Hewlett-Packard shareholders just reelected the entire board, but several directors, including chairman Ray Lane, barely squeaked through. He received only 59% of the vote, according to preliminary figures. Two other long-serving HP directors, John Hammergren and G. Kennedy Thompson, got 54% and 55%, respectively.
The close votes are a strong signal to the board to shape up.
Lane is HP’s longtime chairman who has seen the company through a series of ups and downs, though there have mainly been downs in recent years. He, along with former HP CEO Leo Apotheker, is blamed for the disastrous Autonomy acquisition in 2011 that is now the subject of inquiries by regulators in both the US and Britain. HP had to write down almost $9 billion for a deal that was already seen as too pricey by investors, which partly led to the ouster of Apotheker.

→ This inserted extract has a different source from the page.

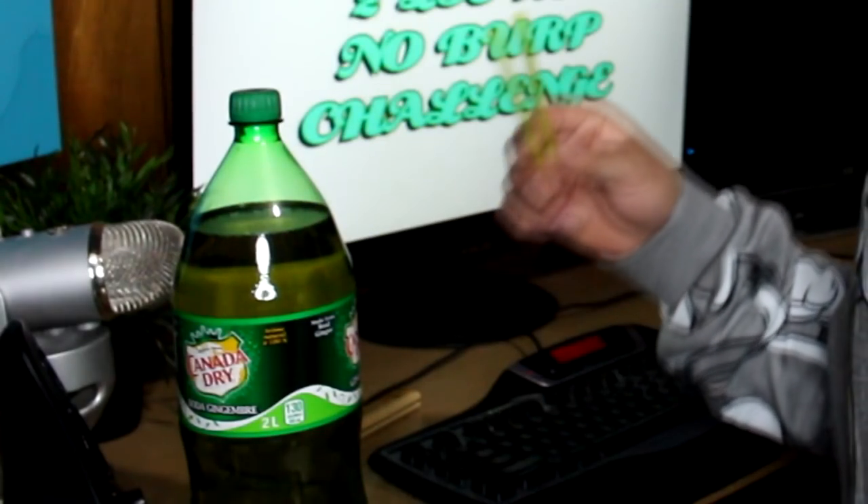You guys obviously know what kind of challenge this is. I'm surprised I've never done this before. This has been done so many times, multiple times over the past years on YouTube. It is the two-liter no-burp challenge — you have to drink up the whole two liters of soda and not burp once.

Hammergren and Thompson are also in the hot seat. The largest and most influential proxy advisory firm, Institutional Shareholder Services, which makes recommendations to investors on shareholder proposals, said HP investors should vote against the reelection of Hammergren and Thompson, along with Lane.

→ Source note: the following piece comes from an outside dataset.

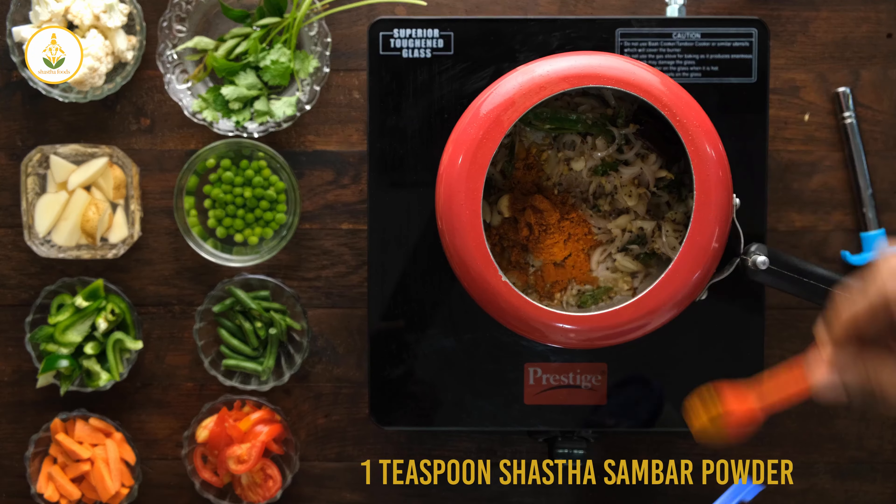In the same oil I'm stirring everything — I'm not adding extra oil at all. Then I add potatoes with the skin on, then cauliflower, beans, carrots, capsicum, and peas. Vegetables are completely optional — it's up to you, and you can increase or decrease the number of vegetables.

HP CEO Meg Whitman was also on HP’s board during the Autonomy acquisition and some questioned whether she was a wise pick to lead the company. But after a run of bad news, she is credited with helping to stabilize HP’s stock free fall, and the company recently reported better-than-expected earnings.

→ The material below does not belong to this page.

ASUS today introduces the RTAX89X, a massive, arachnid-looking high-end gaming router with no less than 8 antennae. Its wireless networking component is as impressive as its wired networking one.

Still, HP’s shares have lost about half of their value in about three years. After some other shareholder groups challenged Lane’s position on the board, a compromise was reached to form a new board oversight committee to help guide Whitman through strategic decision-making. Activist investor Ralph Whitworth, who is known for pushing for sales, break-ups and other changes at companies, is head of that committee. He joined the board after the Autonomy buy.
Although the picture is improving for HP, today’s shareholder vote shows the company is still under pressure to get its act together. And Lane and other longtime board members can no longer be seen as a rubber stamp for the CEO.